Biggest LNG Sellers Warn Top Buyer Over Price of Its FreedomBy and
Suppliers say Japan may pay more if destination clauses eased
Osaka Gas, a major buyer, is worried LNG costs could rise
The world’s biggest liquefied natural gas suppliers have a warning for Japan: flexibility will likely cost you.
Royal Dutch Shell Plc and BP Plc say that if Japan moves to ease restrictions that prevent its importers from reselling the gas, the Asian nation may have to purchase the fuel at a higher price in return. Suppliers could also try to toughen other contract terms, according to industry consultant Clavis Energy Partners LLC.
The warnings reflect concern among the sellers who’ve already been hurt after LNG prices halved in the last two years. Adding to woes is an investigation by Japan’s Fair Trade Commission on whether contracts that restrict buyers from reselling the super-cooled fuel violate competition laws. While some analysts say that removing the destination clause could trigger a bout of selling and push down LNG for as long as five years, suppliers warn that prices will rise in return for the increased freedom.
“Buyers can prioritize getting the lowest price or getting the most flexibility, whichever is most important for them,” Steve Hill, executive vice president for gas and energy marketing and trading at Shell, said in a Nov. 24 interview in Tokyo. “You have to be a very good buyer to get the cheapest price and most flexibility because flexibility isn’t free.”
Japan, the world’s biggest buyer of the fuel, is looking to loosen destination restrictions as it’s at risk of being oversupplied by the end of the decade. An estimated 80 percent of long-term LNG contracts between major Japanese and South Korean buyers and suppliers include limits on resales, Tokyo-based law firm Nishimura & Asahi said in February.
Destination clauses are “clearly detrimental to the development of a functioning, fully flexible LNG market,” according to the International Energy Agency. While Japan would be in a position to become a seller of LNG in a few years time to countries such as China, the clause would constrain it from doing so, the Paris-based IEA said.
Still, with northeast Asian spot LNG prices down 63 percent since February 2014, the sellers’ threats lack bite. The fuel’s importers already have the upper hand because of a supply glut, and are seeing the benefits of cheaper prices and flexibility already, Mikiko Tate, a senior analyst at Sumitomo Corporation Global Research Co., said by phone. Traditionally, long-term contracts price LNG based on crude prices, which are languishing at almost 60 percent below levels seen two years ago.

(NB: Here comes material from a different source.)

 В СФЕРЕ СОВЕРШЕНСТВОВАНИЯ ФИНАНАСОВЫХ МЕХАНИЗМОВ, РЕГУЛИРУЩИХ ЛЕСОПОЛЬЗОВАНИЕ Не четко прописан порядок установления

Spot LNG in Northeast Asia declined by 30 cents from a week earlier to $7.25 per million British thermal units on Nov. 21. Brent slipped 1.9 percent to $47.32 per barrel by 12:12 p.m. London time on Tuesday.
But prices may not be the sole ammunition in the sellers’ arsenal. Suppliers could also push for tougher contract terms such as take-or-pay clauses, where the buyer either takes the LNG from the supplier or pays a penalty, says Junzo Tamamizu, managing partner at Clavis Energy.
Jonty Shepard, chief operating officer for LNG at BP Gas Marketing Ltd., says he is happy to negotiate any type of deal structure with Japanese buyers, and firms can come to commercial arrangements between themselves. However, like Shell, he agrees that removing the clause would push sellers to ask for higher prices.
“Which flexibilities are worth it to them?” said BP’s Shepard. “They may pay for flexibilities they don’t need.”
Even one of the strongest advocates for change is worried costs could rise. Sellers often offer a cheap price when they know their cargoes will be delivered to a fixed terminal, Masayuki Inoue, a senior general manager in the corporate strategy department at Osaka Gas, one of Japan’s major LNG buyers, said on Nov. 18.
“I’m personally in favor of destination-free LNG and have negotiated hard for it,” Inoue said in Tokyo. “But it’s not that everything will be OK if the destination is free. It could actually raise costs.”